Deuteronomy 25 continues the strange mix of laws somewhat humane and others definitely peculiar to our modern sensibility. In the first few verses we have the allowance for torture as punishment for crime: forty lashes with a whip. However, there is a limit to the torture: it is to be no more than forty lashes otherwise “your neighbor will be degraded in your sight.”
Then in the middle portion of the chapter we have what seems to us the strange practice of Levirate marriage where a dead man’s brother is required to marry his dead brother’s wife and propagate children through her to carry on the dead brother’s name.

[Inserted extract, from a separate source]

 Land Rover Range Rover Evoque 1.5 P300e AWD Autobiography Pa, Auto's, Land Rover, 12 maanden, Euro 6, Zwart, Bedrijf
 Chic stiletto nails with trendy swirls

In verses eleven and twelve, we have the situation of a wife attempting to help her husband in a fight with another man. If she tries to help by grasping the other man’s genitals, her hand is to be cut off in punishment. This penalty seems rather severe. One would think a wife should be praised for trying to protect her husband’s life in a fight.

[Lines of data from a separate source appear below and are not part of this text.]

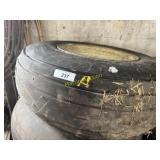 Used 12.5-16' 12 ply tire mounted on 8 hole rim.
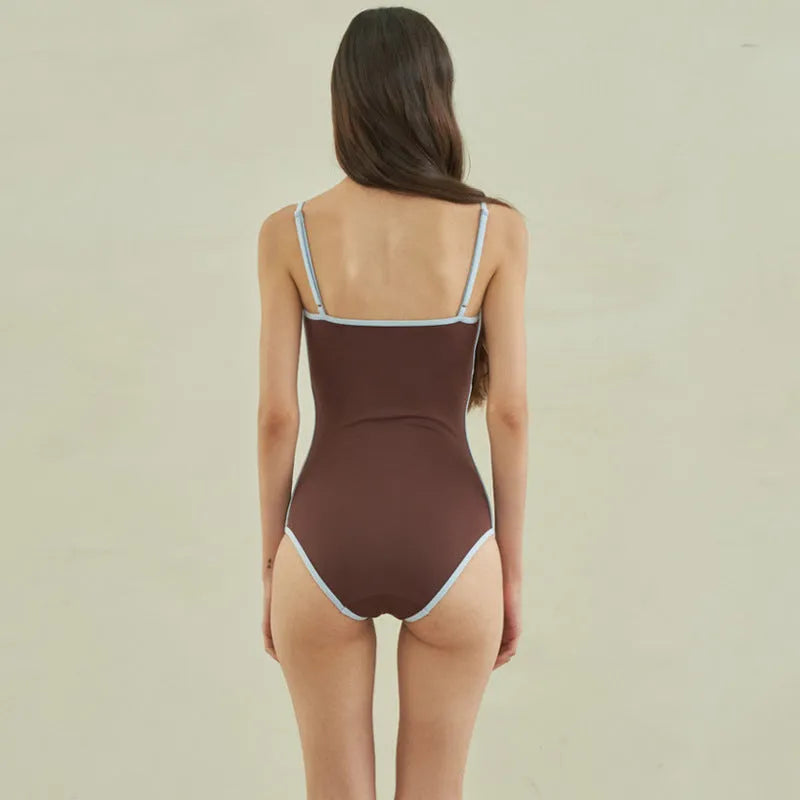 Brown women's triangle one-piece swimsuit with a pattern, shown on a hanger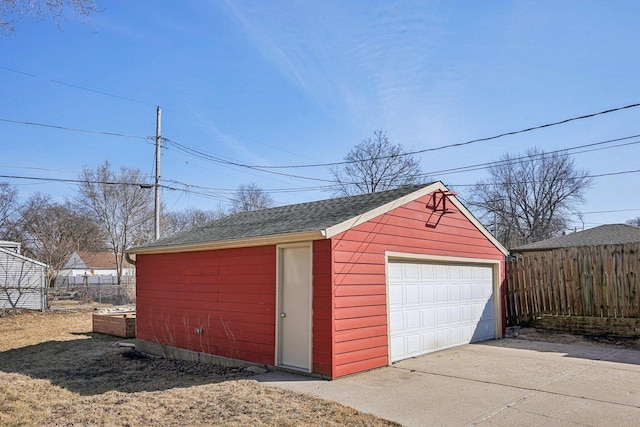 detached garage with fence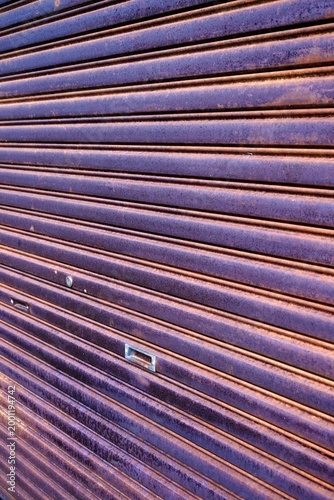 A metal garage roll up door in a rusty condition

In verses thirteen through sixteen, the Israelites are admonished to have honest weights for use in commerce. This is one of the laws that seems most just.

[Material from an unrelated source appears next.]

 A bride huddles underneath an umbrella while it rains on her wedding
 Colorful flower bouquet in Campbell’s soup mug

However, then it is followed by the admonishment to wipe out the Amalekites once the Israelites are settled in the Promised Land. The reason for this is because the Amalekites attacked the Israelites when they were wandering in the desert. Revenge is not only allowed but urged.
Friedman has an interesting comment on another strange practice in Israel suggested in Deuteronomy 26:14….
The person declares that he has not misused his tithed produce in any way that associates it with death or impurity. This disallows offering the dead tithed food; but, as many scholars have observed, this prohibition is not against making other offerings of food to the dead. Giving food (and drink) for dead ancestors was practiced in Israel and Judah at least until the reign of King Hezekiah (c. 700 B.C.E.). Tombs have been excavated (at Megiddo, Hazor, Gezer, Beth-Shemesh, Dothan) that had apertures cut into their ceilings through which it would be possible to give offerings to the dead, or that had storage jars placed directly over the heads of the corpses. Beginning in the tenth century B.C.E., open ceramic bowls and flasks and jars for liquids, store-jars with dipper juglets, plates, cooking pots, and wine decanters were placed in tombs in Judah. The destruction of much of the countryside by the Assyrians, followed by the centralization of worship under Hezekiah, dramatically cut back on this practice.[1]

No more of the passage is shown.